GOAL OF THE EXERCISE
In the listing below, find the line containing "The Roadster Lifestyle" and the line containing "Отель Holiday Rome Termini Экстерьер фото", then copy exactly everything from the first through the second, except the pictures.

PROVIDED INFORMATION
+ + +
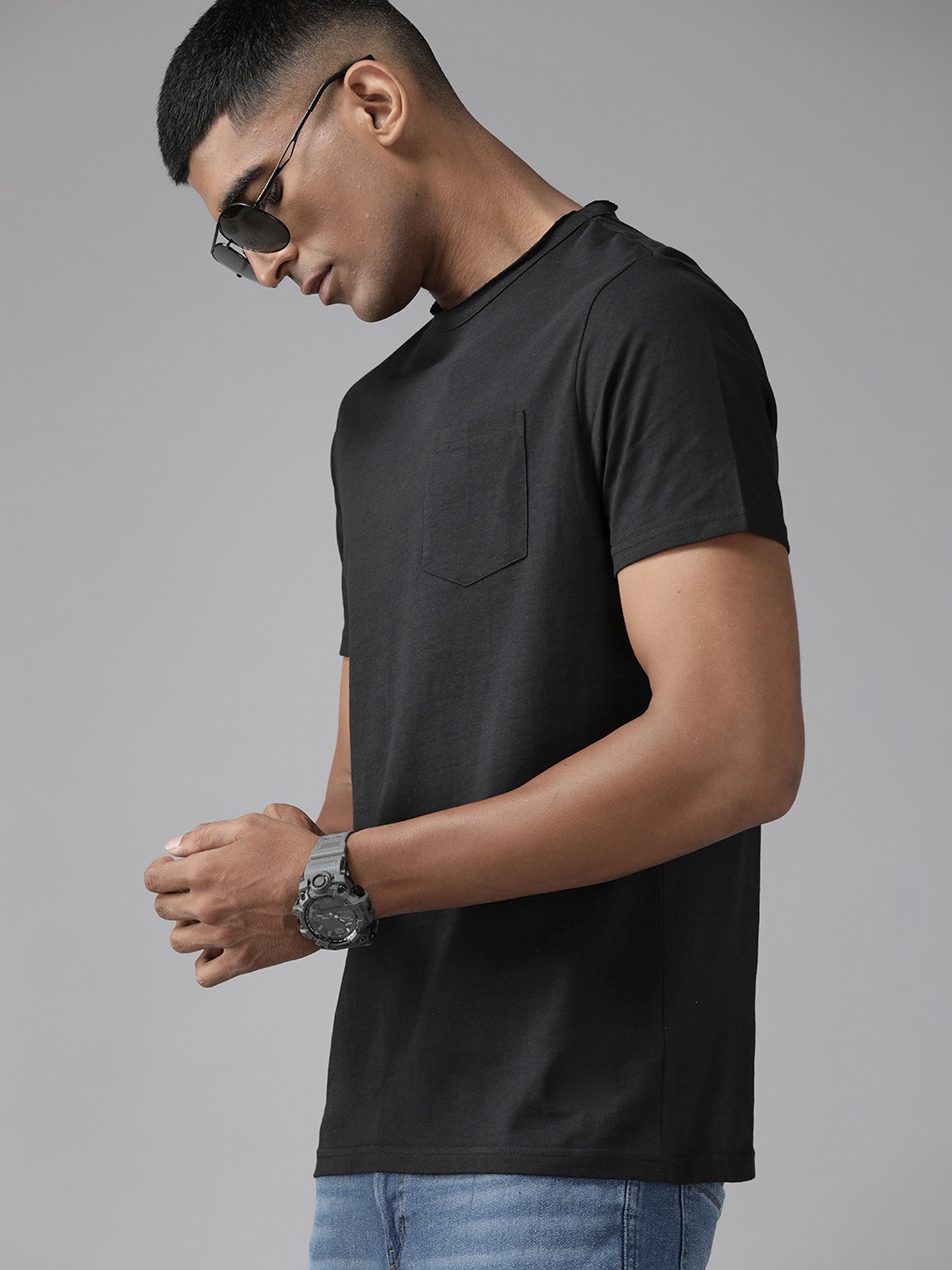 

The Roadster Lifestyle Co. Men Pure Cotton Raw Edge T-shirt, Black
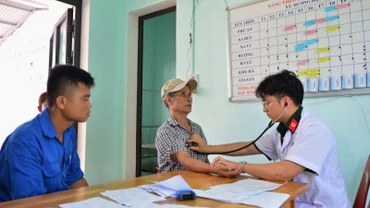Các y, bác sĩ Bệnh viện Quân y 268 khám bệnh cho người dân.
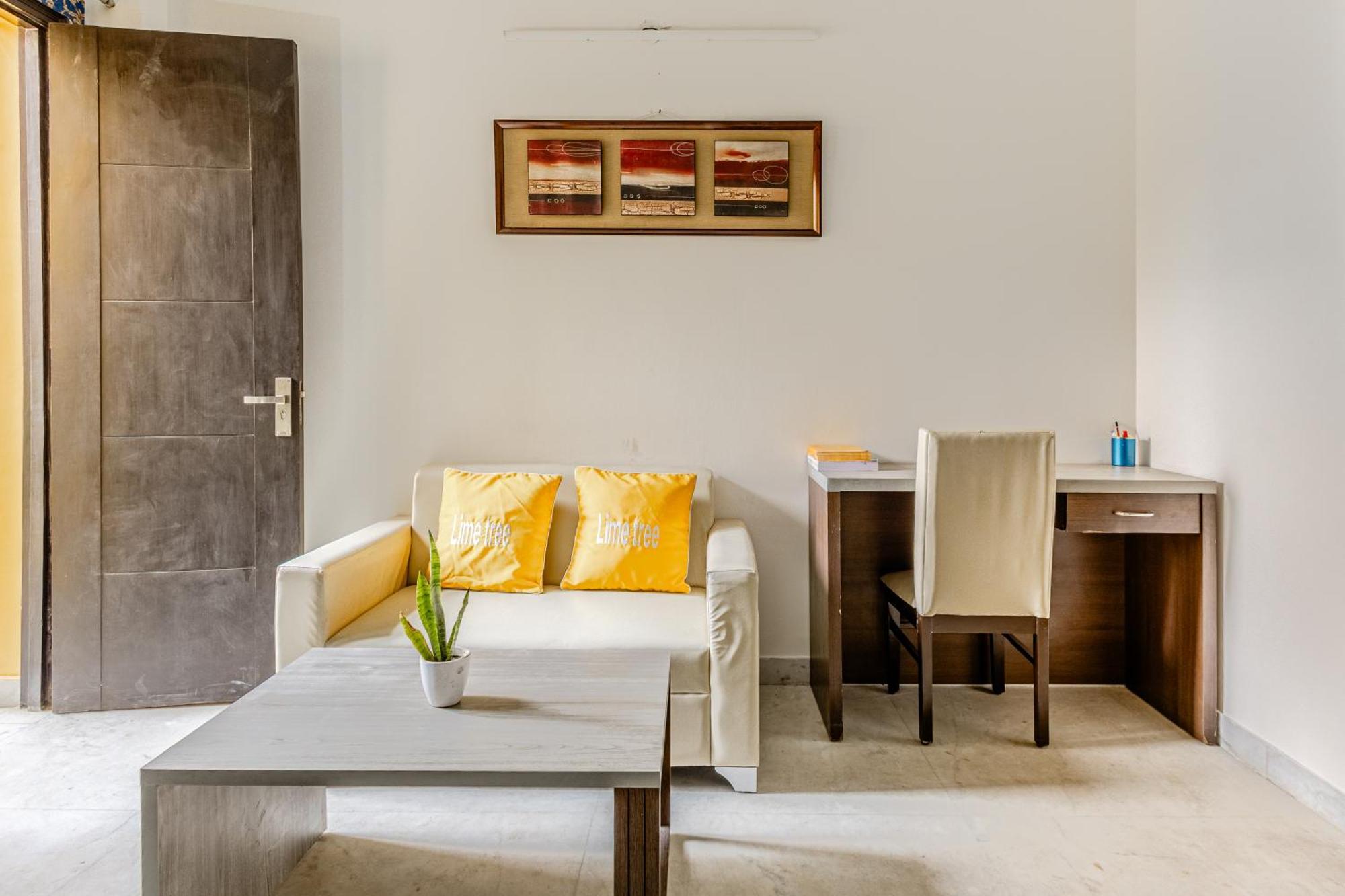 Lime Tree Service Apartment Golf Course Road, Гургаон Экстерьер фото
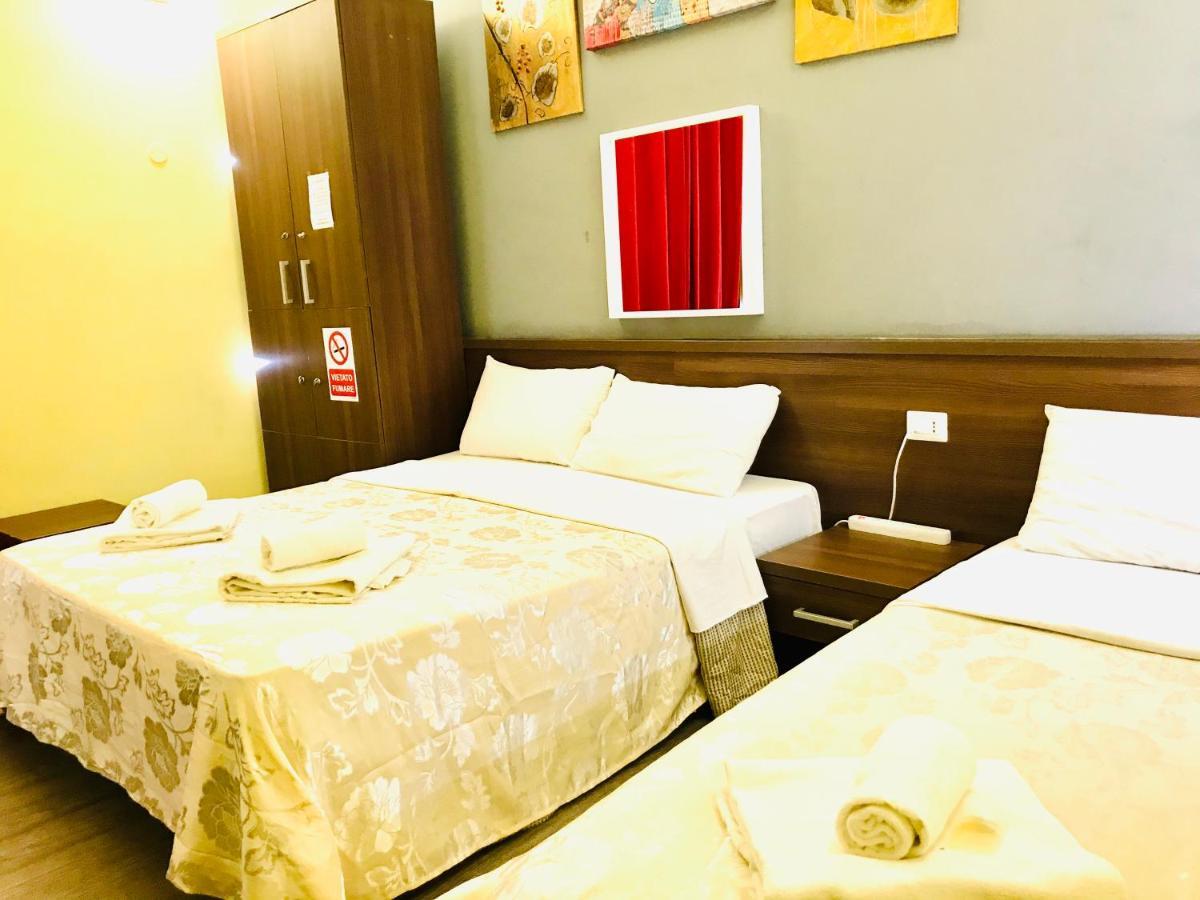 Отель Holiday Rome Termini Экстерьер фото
+ + +
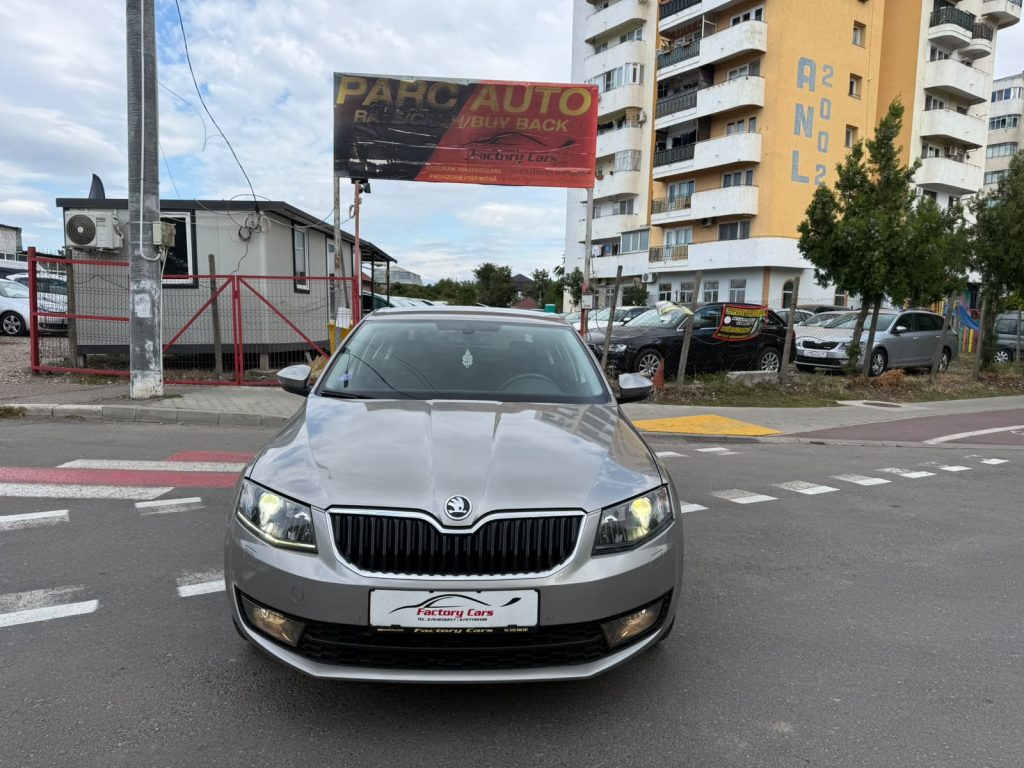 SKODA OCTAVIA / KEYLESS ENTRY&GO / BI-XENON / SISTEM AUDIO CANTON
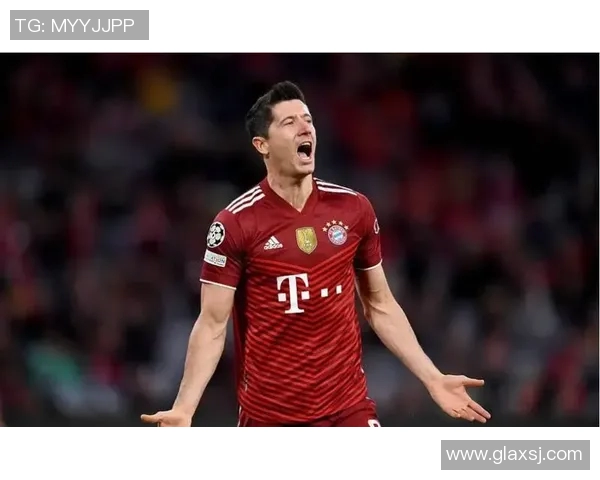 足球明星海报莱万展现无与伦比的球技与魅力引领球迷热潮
+ + +
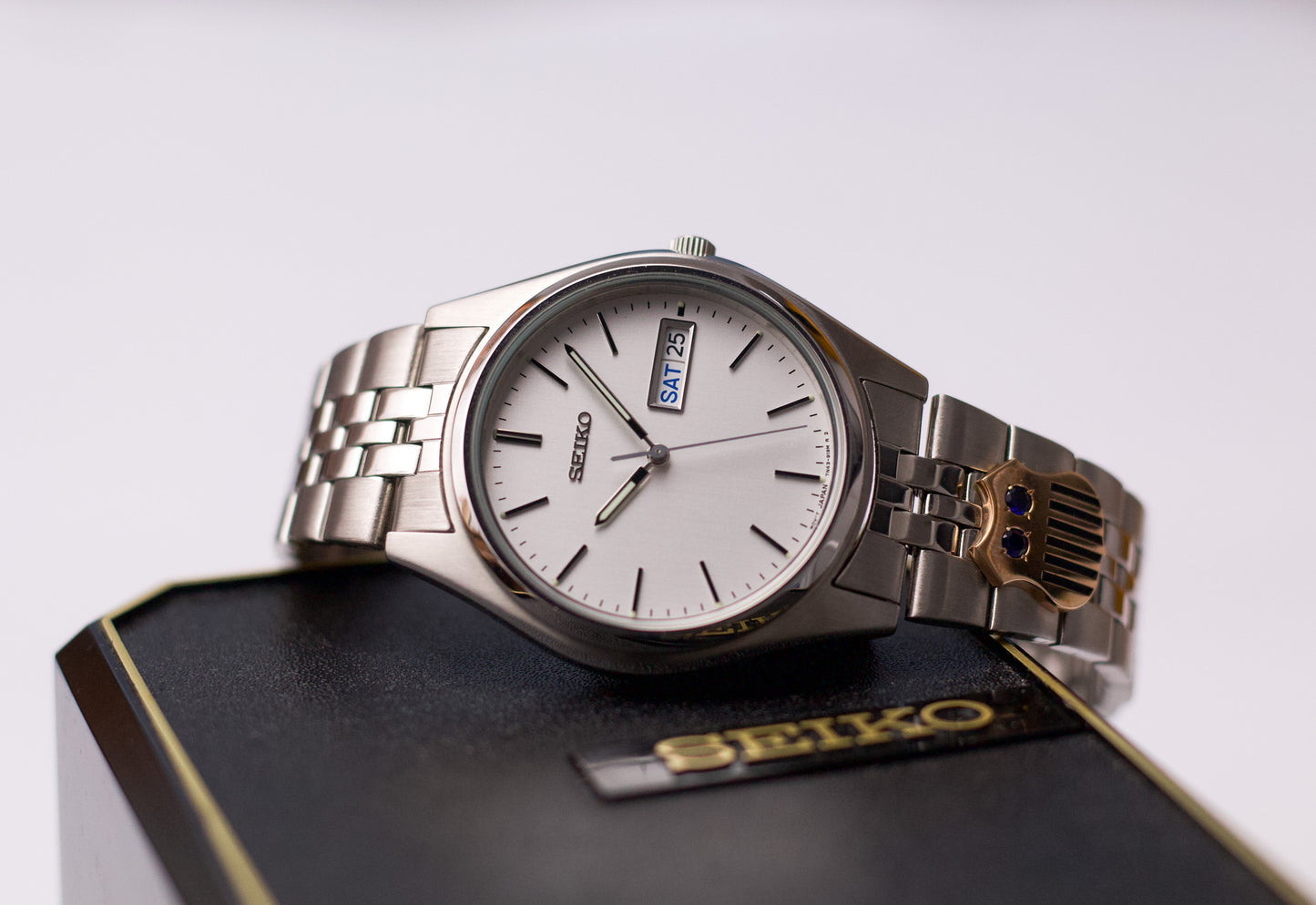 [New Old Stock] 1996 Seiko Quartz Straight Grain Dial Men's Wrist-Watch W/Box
+ + +
RESULT
The Roadster Lifestyle Co. Men Pure Cotton Raw Edge T-shirt, Black
Các y, bác sĩ Bệnh viện Quân y 268 khám bệnh cho người dân.
 Lime Tree Service Apartment Golf Course Road, Гургаон Экстерьер фото
 Отель Holiday Rome Termini Экстерьер фото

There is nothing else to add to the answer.